With enough effort, you can find virtually anything on the Internet. While that might seem like a good thing when you’re trying to dig up a specific funny cat video, not everything out there is so benign. Sometimes, it’s better to avoid delving too deeply into your Google search results; you never know what things are better off unseen.
In fact, there’s one creepy online threat that’s hiding in plain sight. Not only is it unsettling, but it’s also proving to be a serious threat to both people’s privacy and the future of world politics.
Imagine that you were absentmindedly browsing the Internet one evening after work. After checking your emails, maybe you decided to click over to Facebook. There, you saw something strange in your newsfeed.
There was a video of a celebrity, in this case Mark Zuckerberg, playing. At first, he seemed to be giving a standard interview about Facebook’s business practices. But then his presentation took a strange turn.
Before long, he was explaining that he was the “one man with total control of billions of people’s stolen data, all their secrets, their lives, their futures.” He was, essentially, Big Brother from 1984. It sounded like a conspiracy theory; what was happening?
If the video seems unbelievable, that’s because it wasn’t really Zuckerberg speaking. In fact, the clip is emblematic of a troubling new digital trend, which realistically alters videos and takes aim at celebrities. It places everyone’s personal security at risk.
These videos, commonly known as deepfakes, sound like something out of a sci-fi movie. How could someone have created a fake video showing a public figure making outlandish claims without futuristic technology?
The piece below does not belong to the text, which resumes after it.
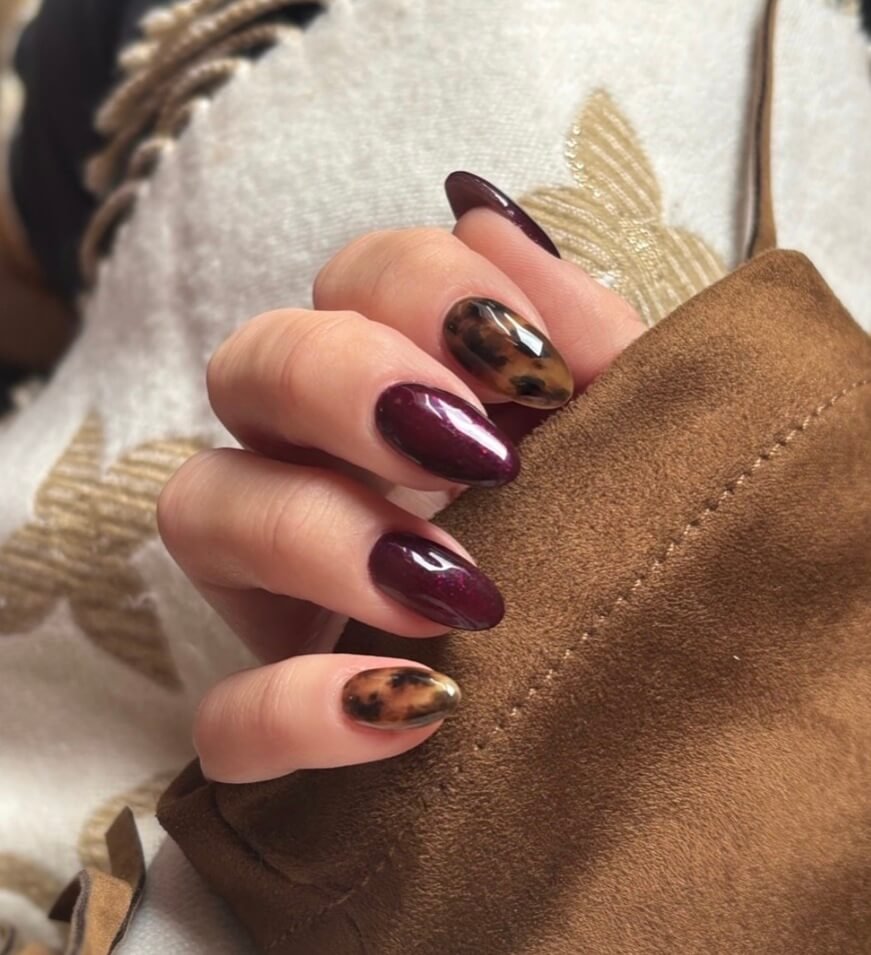  Burgundy and Tortoiseshell Nails november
These videos follow the same principle as using Photoshop to manipulate pictures, just applied to a moving image. There is one crucial, dangerous difference between the two digital mediums, however.
Since manipulated images are static, there’s a limit to what they can depict; anything too outlandish makes the fake obvious. Doctored videos, however, can literally place words in someone’s mouth.
The idea of unsavory characters using your image as a digital puppet is undeniably creepy, but it still gets worse. These manipulated videos can be dangerous in a couple of concrete ways.
Even if a video is debunked as fake, a moving, talking image still has some staying power. That’s coming to the forefront in politics, where deepfakes can damage someone’s reputation with the voting public.
In May 2019, for example, someone created a spoof video of US Speaker of the House Nancy Pelosi slurring her words during a press conference. The creator had dramatically slowed down an actual clip of her talking, and it spread far and wide.
The video was even shared on Donald Trump’s Twitter account; that post alone was retweeted over 30,000 times. Even though the clip has been debunked, it still lodged itself in people’s memories.
The manipulated media took on extra importance with elections approaching. “Deepfakes are one of the most alarming trends I have witnessed as a Congresswoman to date,” wrote US Congresswoman Yvette Clarke.
“If the American public can be made to believe and trust altered videos,” she continued, “our democracy is in grave danger. We need to work together to stop deepfakes from becoming the defining feature of the 2020 elections.”
But the videos’ manipulation of truth can also affect other facets of life. In fact, some legal experts are concerned that they will set a dangerous precedent in the courtroom.
If criminals can easily manipulate moving images, videos may become inadmissible evidence in the court of law. Unfortunately, many technology companies haven’t taken a stand to stop the spread of these dangerous deepfakes.
One common video manipulating program called FakeApp is readily available for download online. While it’s not the easiest to use, anyone can theoretically learn to create convincing deepfakes if they’re willing to practice.
Samsung engineers have also created their own algorithm capable of turning a single still photo into a clip of that person speaking. They tested it on photos of famous celebrities with chilling success.
While that algorithm isn’t public yet, the message is clear: the technology to create deepfakes exists and is uncomfortably accessible. There is one digital hope to fight against them, however.
While poorly made deepfakes are easy to identify, higher quality ones are less obvious. That’s why computer scientists at the University of Albany came up with a new plan to fight fire with fire.
They created their own algorithm, built to identify instances in which the manipulating software has digitally transformed an video. This allows the program to flag deepfakes, ideally preventing their proliferation.